OSPtrack: A Labeled Dataset Targeting Simulated Execution of Open-Source Software

Zhuoran Tan,Christos Anagnosstopoulos,Jeremy Singer
2024-11-28
Abstract:Open-source software serves as a foundation for the internet and the cyber supply chain, but its exploitation is becoming increasingly prevalent. While advances in vulnerability detection for OSS have been significant, prior research has largely focused on static code analysis, often neglecting runtime indicators. To address this shortfall, we created a comprehensive dataset spanning five ecosystems, capturing features generated during the execution of packages and libraries in isolated environments. The dataset includes 9,461 package reports, of which 1,962 are identified as malicious, and encompasses both static and dynamic features such as files, sockets, commands, and DNS records. Each report is labeled with verified information and detailed sub-labels for attack types, facilitating the identification of malicious indicators when source code is unavailable. This dataset supports runtime detection, enhances detection model training, and enables efficient comparative analysis across ecosystems, contributing to the strengthening of supply chain security.
Cryptography and Security
What problem does this paper attempt to address?

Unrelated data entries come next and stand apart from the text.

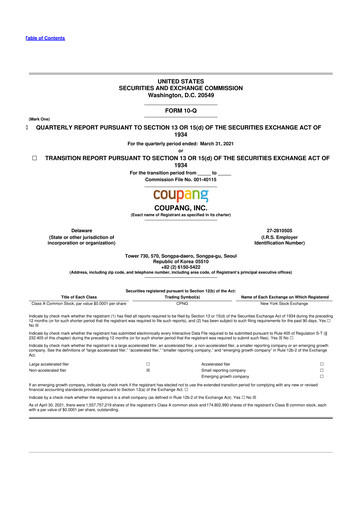 Thumbnail Coupang 10-Q Quarterly Report FY2021 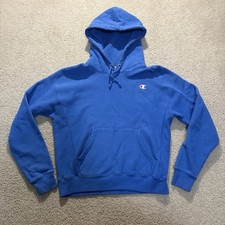 Champion Reverse Weave Pullover Hoodie Adult Size Medium Blue Sweatshirt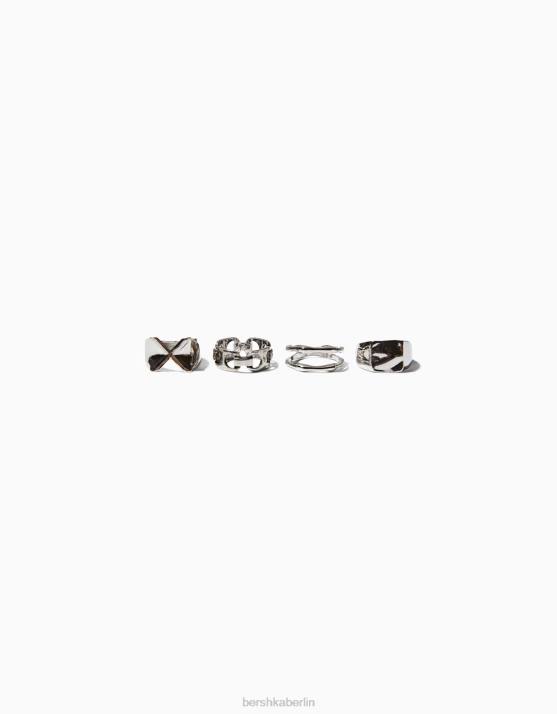Silber Bershka Männer Set mit 4 Ringen H00J3651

The main problem that this paper attempts to solve is the deficiencies of existing open - source software (OSS) vulnerability detection methods, especially the limitations of static code analysis in capturing runtime behavior. Specifically: 1. **Limitations of Static Code Analysis**: Most of the existing research mainly focuses on static code analysis and ignores runtime metrics. This has led to insufficient detection of OSS vulnerabilities embedded in complex systems. 2. **Lack of a Comprehensive Dataset for OSS Runtime Behavior**: Although there are some publicly available datasets that focus on the collection of malicious packages and libraries, these datasets fail to cover runtime behavior, especially dynamic features such as files, sockets, commands, and DNS records. To solve these problems, the author has created a comprehensive dataset named OSPtrack, which has the following characteristics: - **Multi - Ecosystem Coverage**: The dataset covers five major open - source software ecosystems (npm, pypi, crates.io, nuget, packagist), ensuring a wide range of application scenarios. - **Includes Static and Dynamic Features**: Each report includes not only the results of static code analysis but also the dynamic features generated at runtime, such as file operations, network activities, and command executions. - **Detailed Label Information**: Each report in the dataset is labeled with verification information and detailed sub - labels for identifying attack types (such as data leakage, malicious command execution, etc.), enabling the identification of malicious behavior even in the absence of source code. By providing such a comprehensive dataset, the author aims to support runtime detection, enhance the training of detection models, and promote efficient comparative analysis between different ecosystems, thereby strengthening the security of the supply chain. ### Formula Representation Although this paper does not involve complex mathematical formulas, when describing some statistical information in the dataset generation process, simple Markdown format can be used to represent key numbers: - The dataset includes 9,461 package reports, of which 1,962 are confirmed as malicious. - The dataset covers 8 - dimensional features, including file, socket, command, and DNS - related behaviors. This information helps to convey the scale and content of the dataset more clearly.